SAN DIEGO COUNTY, Calif. — Next year would mark a half-century since the U.S. Supreme Court ruled that women have a right to an abortion.
Staunch opponents, though, are hoping that before that milestone, the nation's highest court will overturn this historic ruling.
On the eve of the 49th anniversary of Roe v. Wade, thousands of the law's passionate opponents descended on the nation's capital.
Many said they are energized, after the Supreme Court indicated it would likely allow Mississippi's 15-week abortion ban, and possibly let states ban abortion completely.
"Our hope is that Roe v. Wade will be overturned and there will be an end to abortion in America," one demonstrator in D.C. said.

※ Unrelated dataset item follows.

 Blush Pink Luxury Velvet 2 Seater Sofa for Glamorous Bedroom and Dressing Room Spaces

"Roe is not settled law," added another protestor in Washington.
It is a decision that could outlaw, or severely restrict, abortion access in 26 states.

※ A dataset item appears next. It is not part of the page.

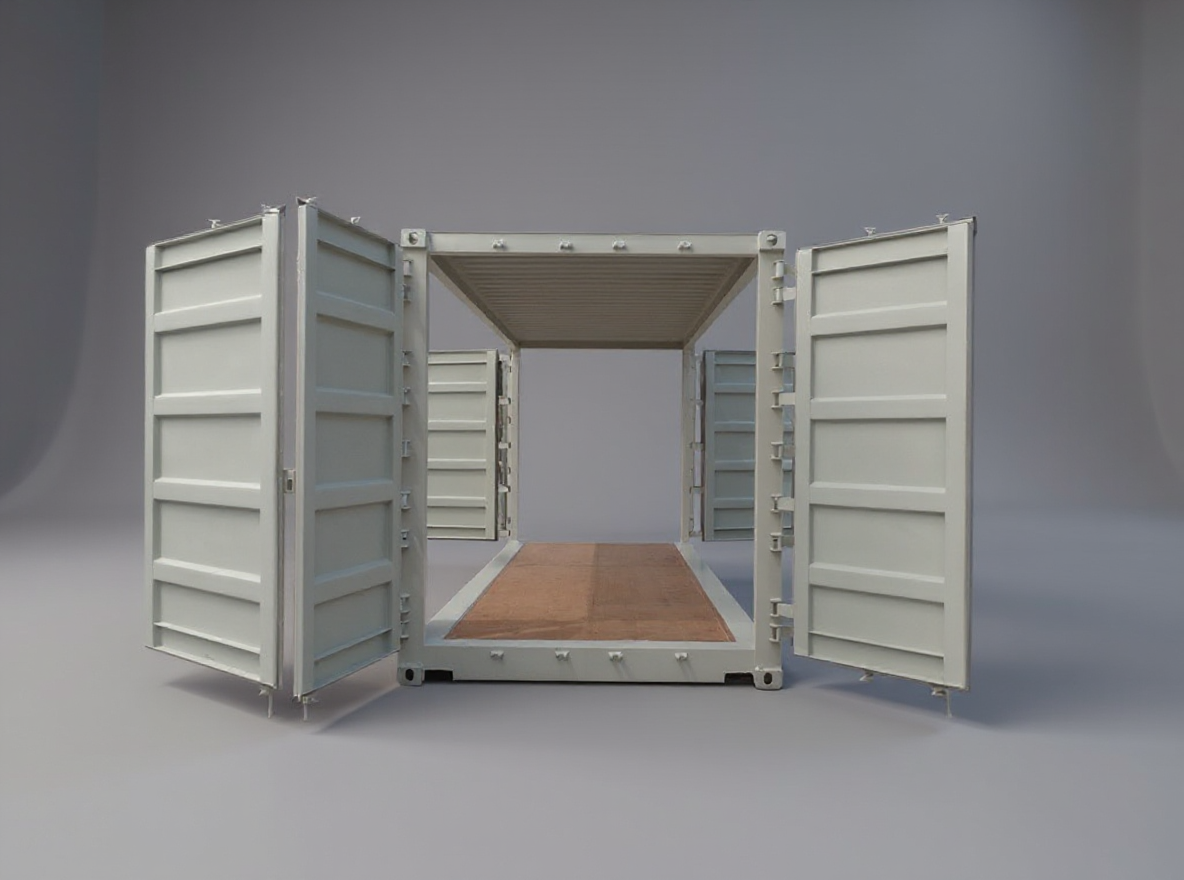 20 ft High Cube Double Door plus Double Side Door Container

"We will never, never back down from attacks on the human and civil rights of women in America!" said California State Senator and Senate Pro Tem Toni Atkins of San Diego.
Atkins and other state lawmakers, part of the California Legislative Women's Caucus, made it clear that California is prepared to strengthen access to abortion services for all women, no matter what state they come from.
"California will be relied upon by many people, who will need to seek refuge in our state and the receive the care that they need," said Jodi Hicks, president of Planned Parenthood Affiliates of California, estimating that California could become the closest "no-ban" state within driving distance for 1.4 million women.
San Diego Assemblymember Dr. Akilah Weber has proposed legislation to help cover the costs of abortion services for women lacking insurance.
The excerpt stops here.